Dawid Murek (kapitan Tytana AZS Częstochowa): Był to ciężki mecz i takiego się właśnie spodziewaliśmy. Delecta nam nie pozwoliła za szybko wygrać tego meczu. Tak naprawdę mogło to się skończyć inaczej. Mogliśmy wracać bez punktów. Byłby wtedy smutny autobus. Udało nam się wywieźć stąd cenne dwa punkty, ale trzeba usiąść w domu i pomyśleć nad tym meczem. Popełnialiśmy masę takich błędów, których nie powinniśmy.

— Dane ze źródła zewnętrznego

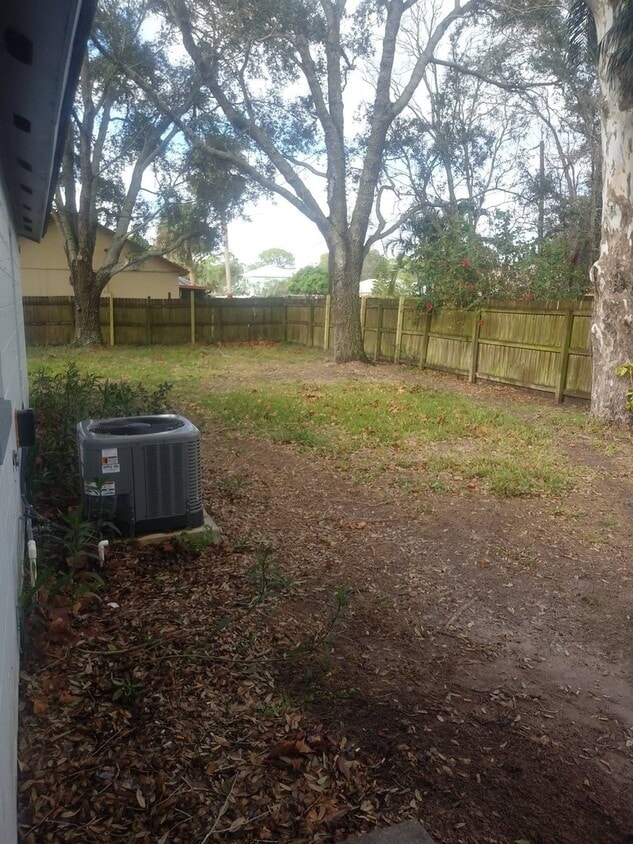 Primary Photo - Cozy and Roomy! Nice corner lot home 2 Bedrooms 2 Baths with 1 car garage and huge backyard. Pets...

Wojciech Jurkiewicz (kapitan Delecty Bydgoszcz): Zwycięstwo było blisko, bardzo blisko. Dużo się od nas wymaga, ale siatkarze mają prawo popełniać błędy. To właśnie był mecz błędów, ale chyba nie te nasze błędy spowodowały tę nerwową sytuację w końcówce czwartego seta. Szkoda, bo naprawdę było blisko zwycięstwa za trzy punkty, nasza gra wyglądała lepiej niż w trzech poprzednich spotkaniach. To chyba jedyny plus. Chyba za szybko uwierzyliśmy, że mamy komplet punktów. Musimy podnieść głowy i wierzyć w zwycięstwa w kolejnych meczach oraz wychodzić tak samo skoncentrowani.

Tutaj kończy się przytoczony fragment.